Prompt:
Please return the lines below verbatim, beginning at the one that has "Anak Bella Luna" and stopping after the one that has "4 SIXTH AVENUE, SOUTH TOWNSVILLE, 4810", and add no other lines.

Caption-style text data
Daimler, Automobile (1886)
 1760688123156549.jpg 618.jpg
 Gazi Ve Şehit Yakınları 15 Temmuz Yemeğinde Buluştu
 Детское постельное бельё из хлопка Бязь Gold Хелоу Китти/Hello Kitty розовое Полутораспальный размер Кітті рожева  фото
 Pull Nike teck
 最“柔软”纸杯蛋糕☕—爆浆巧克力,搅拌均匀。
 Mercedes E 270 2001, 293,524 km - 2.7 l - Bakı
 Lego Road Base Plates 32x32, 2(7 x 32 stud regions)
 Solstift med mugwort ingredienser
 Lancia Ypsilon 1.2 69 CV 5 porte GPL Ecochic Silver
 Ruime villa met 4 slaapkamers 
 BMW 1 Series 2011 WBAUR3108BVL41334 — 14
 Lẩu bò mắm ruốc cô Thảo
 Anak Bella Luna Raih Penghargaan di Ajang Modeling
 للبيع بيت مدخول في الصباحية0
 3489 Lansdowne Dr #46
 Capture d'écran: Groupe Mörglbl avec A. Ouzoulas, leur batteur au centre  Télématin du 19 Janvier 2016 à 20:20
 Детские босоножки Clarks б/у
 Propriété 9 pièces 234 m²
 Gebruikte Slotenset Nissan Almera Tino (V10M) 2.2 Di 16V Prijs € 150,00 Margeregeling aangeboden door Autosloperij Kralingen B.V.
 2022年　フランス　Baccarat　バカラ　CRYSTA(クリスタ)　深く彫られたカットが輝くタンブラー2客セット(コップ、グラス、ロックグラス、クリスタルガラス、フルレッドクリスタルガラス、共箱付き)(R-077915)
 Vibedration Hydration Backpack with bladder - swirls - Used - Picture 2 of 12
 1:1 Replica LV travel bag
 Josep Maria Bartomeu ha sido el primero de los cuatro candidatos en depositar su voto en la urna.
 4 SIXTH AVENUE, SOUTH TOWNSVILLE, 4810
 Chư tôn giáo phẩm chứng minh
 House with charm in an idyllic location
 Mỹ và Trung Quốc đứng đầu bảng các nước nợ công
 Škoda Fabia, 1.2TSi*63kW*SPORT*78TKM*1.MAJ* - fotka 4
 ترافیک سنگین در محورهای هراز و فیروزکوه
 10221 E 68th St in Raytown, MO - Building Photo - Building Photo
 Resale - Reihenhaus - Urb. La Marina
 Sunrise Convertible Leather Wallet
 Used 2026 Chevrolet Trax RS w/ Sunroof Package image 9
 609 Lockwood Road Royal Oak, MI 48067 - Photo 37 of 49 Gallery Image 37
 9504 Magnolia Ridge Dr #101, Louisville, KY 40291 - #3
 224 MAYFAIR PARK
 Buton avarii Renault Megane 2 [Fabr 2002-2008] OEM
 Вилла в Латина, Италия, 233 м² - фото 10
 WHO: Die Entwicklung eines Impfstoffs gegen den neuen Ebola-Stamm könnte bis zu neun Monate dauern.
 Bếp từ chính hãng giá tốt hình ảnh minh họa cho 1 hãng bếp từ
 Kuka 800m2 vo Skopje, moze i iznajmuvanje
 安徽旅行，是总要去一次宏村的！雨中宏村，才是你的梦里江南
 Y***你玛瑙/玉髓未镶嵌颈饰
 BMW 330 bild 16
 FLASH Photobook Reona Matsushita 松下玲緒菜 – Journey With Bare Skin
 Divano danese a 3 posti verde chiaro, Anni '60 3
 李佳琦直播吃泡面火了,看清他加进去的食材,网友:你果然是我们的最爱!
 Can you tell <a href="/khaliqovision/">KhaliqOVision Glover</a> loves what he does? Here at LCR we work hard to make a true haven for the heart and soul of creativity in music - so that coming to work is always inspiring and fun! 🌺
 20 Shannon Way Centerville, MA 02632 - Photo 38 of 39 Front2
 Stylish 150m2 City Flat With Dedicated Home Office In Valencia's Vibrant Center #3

Written reply:
 Anak Bella Luna Raih Penghargaan di Ajang Modeling
 للبيع بيت مدخول في الصباحية0
 3489 Lansdowne Dr #46
 Capture d'écran: Groupe Mörglbl avec A. Ouzoulas, leur batteur au centre  Télématin du 19 Janvier 2016 à 20:20
 Детские босоножки Clarks б/у
 Propriété 9 pièces 234 m²
 Gebruikte Slotenset Nissan Almera Tino (V10M) 2.2 Di 16V Prijs € 150,00 Margeregeling aangeboden door Autosloperij Kralingen B.V.
 2022年　フランス　Baccarat　バカラ　CRYSTA(クリスタ)　深く彫られたカットが輝くタンブラー2客セット(コップ、グラス、ロックグラス、クリスタルガラス、フルレッドクリスタルガラス、共箱付き)(R-077915)
 Vibedration Hydration Backpack with bladder - swirls - Used - Picture 2 of 12
 1:1 Replica LV travel bag
 Josep Maria Bartomeu ha sido el primero de los cuatro candidatos en depositar su voto en la urna.
 4 SIXTH AVENUE, SOUTH TOWNSVILLE, 4810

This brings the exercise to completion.